In the records below, find each line holding the word "Golf" and copy it.

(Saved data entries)
------------------------------------

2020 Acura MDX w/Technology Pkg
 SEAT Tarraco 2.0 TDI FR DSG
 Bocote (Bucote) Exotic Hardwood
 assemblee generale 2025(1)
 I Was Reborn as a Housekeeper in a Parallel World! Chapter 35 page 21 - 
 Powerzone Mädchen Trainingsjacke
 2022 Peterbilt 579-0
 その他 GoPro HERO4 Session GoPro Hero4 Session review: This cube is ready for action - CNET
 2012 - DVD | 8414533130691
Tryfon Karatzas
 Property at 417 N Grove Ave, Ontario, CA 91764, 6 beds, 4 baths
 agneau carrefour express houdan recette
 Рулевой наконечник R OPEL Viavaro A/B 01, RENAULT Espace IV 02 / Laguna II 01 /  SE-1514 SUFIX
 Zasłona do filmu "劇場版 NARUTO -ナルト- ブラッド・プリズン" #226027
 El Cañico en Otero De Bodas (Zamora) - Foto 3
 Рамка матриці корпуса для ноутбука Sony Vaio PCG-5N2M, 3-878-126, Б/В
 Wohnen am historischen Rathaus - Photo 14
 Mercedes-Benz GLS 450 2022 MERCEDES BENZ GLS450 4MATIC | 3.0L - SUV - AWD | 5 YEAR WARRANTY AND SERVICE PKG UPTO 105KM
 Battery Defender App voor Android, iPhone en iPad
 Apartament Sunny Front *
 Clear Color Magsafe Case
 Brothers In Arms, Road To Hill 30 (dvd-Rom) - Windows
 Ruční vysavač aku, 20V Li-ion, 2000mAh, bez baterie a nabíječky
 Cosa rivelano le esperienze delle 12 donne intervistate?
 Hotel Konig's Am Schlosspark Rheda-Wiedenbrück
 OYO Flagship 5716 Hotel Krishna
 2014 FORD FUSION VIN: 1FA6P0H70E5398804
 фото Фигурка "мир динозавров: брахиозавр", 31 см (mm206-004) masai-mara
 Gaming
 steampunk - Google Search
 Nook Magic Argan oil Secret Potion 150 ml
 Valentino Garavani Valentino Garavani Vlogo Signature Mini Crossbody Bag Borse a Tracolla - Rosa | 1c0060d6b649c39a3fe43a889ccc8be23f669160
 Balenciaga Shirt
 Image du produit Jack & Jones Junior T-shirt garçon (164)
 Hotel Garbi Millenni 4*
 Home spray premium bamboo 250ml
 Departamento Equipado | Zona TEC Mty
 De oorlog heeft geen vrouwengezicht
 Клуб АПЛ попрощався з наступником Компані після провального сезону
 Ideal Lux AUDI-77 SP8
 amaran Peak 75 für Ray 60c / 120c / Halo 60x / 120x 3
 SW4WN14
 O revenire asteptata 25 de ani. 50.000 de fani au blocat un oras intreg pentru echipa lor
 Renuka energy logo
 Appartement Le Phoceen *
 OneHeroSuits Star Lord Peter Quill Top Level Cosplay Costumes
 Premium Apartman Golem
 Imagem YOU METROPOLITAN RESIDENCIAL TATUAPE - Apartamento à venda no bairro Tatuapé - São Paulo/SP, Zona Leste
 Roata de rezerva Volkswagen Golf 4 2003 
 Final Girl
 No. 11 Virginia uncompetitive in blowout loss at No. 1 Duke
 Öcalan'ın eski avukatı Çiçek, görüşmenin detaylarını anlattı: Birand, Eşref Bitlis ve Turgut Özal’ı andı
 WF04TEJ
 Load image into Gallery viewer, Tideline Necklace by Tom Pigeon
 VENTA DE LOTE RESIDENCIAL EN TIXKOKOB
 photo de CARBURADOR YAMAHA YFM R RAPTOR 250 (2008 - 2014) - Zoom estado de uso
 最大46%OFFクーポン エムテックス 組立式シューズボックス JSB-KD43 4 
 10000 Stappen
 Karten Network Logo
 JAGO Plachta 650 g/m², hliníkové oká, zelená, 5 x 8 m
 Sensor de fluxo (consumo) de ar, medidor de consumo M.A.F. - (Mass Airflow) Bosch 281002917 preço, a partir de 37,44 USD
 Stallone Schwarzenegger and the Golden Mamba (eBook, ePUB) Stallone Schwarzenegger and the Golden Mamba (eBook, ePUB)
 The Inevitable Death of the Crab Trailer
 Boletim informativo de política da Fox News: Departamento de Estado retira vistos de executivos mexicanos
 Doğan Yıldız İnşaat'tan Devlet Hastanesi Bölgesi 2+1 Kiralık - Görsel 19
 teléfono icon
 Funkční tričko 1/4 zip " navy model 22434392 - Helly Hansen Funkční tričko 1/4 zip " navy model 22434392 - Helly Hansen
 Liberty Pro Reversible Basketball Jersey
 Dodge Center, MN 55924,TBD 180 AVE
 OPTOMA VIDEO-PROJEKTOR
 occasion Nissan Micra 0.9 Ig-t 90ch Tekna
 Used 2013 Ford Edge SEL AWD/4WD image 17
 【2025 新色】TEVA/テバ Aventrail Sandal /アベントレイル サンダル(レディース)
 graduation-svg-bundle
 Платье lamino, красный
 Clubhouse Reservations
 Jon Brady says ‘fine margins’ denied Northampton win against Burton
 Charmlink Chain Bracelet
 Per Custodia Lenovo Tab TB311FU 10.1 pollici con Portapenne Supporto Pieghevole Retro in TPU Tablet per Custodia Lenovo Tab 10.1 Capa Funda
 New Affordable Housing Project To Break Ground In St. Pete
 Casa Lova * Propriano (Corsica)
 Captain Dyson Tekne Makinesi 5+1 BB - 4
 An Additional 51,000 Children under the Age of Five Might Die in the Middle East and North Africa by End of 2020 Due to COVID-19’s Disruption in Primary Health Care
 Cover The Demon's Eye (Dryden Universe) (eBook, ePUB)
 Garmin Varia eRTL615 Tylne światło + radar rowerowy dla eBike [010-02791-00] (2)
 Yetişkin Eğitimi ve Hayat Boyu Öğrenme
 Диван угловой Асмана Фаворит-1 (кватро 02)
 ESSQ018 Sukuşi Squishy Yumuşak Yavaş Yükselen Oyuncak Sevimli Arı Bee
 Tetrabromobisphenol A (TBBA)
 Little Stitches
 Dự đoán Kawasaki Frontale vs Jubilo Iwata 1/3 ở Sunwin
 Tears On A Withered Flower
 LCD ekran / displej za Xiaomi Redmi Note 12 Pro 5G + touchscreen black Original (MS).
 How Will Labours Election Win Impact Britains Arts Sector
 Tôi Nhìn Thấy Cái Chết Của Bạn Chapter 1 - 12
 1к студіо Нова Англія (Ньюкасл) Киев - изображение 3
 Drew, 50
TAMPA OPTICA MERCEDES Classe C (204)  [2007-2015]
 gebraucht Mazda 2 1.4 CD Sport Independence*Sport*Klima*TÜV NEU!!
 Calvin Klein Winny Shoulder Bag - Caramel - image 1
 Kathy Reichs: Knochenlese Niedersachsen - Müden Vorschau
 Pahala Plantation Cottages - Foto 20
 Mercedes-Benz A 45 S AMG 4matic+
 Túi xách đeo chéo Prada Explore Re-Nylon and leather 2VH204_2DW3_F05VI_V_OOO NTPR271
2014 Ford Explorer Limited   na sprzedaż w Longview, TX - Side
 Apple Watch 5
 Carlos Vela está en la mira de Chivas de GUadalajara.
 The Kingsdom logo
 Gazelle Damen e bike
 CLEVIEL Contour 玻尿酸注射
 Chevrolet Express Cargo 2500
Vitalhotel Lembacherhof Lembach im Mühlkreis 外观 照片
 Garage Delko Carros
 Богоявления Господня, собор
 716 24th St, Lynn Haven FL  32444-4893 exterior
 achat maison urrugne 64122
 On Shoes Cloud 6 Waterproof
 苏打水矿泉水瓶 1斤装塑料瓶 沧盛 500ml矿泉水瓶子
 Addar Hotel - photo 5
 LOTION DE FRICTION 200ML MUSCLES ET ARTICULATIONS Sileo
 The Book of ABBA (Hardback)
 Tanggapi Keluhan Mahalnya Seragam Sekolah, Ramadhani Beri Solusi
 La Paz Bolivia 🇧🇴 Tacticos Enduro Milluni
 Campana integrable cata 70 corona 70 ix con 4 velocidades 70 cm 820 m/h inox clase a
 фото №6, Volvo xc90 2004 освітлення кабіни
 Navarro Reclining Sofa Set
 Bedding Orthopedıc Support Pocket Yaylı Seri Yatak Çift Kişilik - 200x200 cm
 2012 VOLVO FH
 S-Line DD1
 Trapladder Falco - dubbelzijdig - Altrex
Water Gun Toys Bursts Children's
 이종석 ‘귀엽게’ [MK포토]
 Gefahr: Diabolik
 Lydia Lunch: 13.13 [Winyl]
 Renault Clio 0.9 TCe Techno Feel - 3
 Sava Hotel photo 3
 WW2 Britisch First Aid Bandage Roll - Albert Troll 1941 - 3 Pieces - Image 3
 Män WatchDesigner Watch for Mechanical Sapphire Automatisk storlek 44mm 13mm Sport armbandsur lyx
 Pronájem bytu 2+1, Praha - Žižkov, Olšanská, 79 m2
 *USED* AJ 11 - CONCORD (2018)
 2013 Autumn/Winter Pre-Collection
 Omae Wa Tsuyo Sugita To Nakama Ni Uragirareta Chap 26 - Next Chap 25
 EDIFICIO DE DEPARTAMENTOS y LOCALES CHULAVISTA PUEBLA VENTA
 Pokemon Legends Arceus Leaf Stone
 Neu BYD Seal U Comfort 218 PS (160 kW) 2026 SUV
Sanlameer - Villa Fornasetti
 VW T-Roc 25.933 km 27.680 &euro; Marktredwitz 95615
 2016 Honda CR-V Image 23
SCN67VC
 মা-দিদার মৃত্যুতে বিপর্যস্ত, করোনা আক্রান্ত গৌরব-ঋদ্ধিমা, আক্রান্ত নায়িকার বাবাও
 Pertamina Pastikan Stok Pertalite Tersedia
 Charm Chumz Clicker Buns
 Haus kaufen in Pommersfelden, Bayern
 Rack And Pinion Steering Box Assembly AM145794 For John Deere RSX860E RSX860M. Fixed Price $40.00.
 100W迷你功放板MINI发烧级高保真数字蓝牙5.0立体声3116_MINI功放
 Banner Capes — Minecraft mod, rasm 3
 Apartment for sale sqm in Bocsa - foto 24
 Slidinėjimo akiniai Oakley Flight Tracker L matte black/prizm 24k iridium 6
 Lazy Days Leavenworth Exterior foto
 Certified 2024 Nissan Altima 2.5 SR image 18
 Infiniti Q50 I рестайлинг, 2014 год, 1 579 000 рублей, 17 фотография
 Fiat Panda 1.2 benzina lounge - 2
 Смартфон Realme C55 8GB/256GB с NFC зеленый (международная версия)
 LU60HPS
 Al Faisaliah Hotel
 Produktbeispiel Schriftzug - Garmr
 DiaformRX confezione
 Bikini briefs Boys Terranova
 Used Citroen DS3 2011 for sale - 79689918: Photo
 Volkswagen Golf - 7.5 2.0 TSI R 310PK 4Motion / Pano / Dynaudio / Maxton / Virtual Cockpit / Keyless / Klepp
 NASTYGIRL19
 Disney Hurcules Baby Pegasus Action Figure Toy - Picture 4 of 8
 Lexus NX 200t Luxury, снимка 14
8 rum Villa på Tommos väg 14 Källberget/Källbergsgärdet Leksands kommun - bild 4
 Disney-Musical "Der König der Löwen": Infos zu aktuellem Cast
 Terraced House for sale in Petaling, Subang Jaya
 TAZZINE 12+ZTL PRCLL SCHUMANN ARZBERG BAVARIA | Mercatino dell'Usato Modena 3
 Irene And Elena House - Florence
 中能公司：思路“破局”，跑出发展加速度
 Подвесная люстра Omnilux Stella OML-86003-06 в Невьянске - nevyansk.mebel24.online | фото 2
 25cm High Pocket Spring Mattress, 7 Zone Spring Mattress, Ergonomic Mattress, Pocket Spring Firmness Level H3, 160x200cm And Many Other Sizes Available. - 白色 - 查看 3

------------------------------------

- **Answer to the exercise**:
 Roata de rezerva Volkswagen Golf 4 2003 
 Volkswagen Golf - 7.5 2.0 TSI R 310PK 4Motion / Pano / Dynaudio / Maxton / Virtual Cockpit / Keyless / Klepp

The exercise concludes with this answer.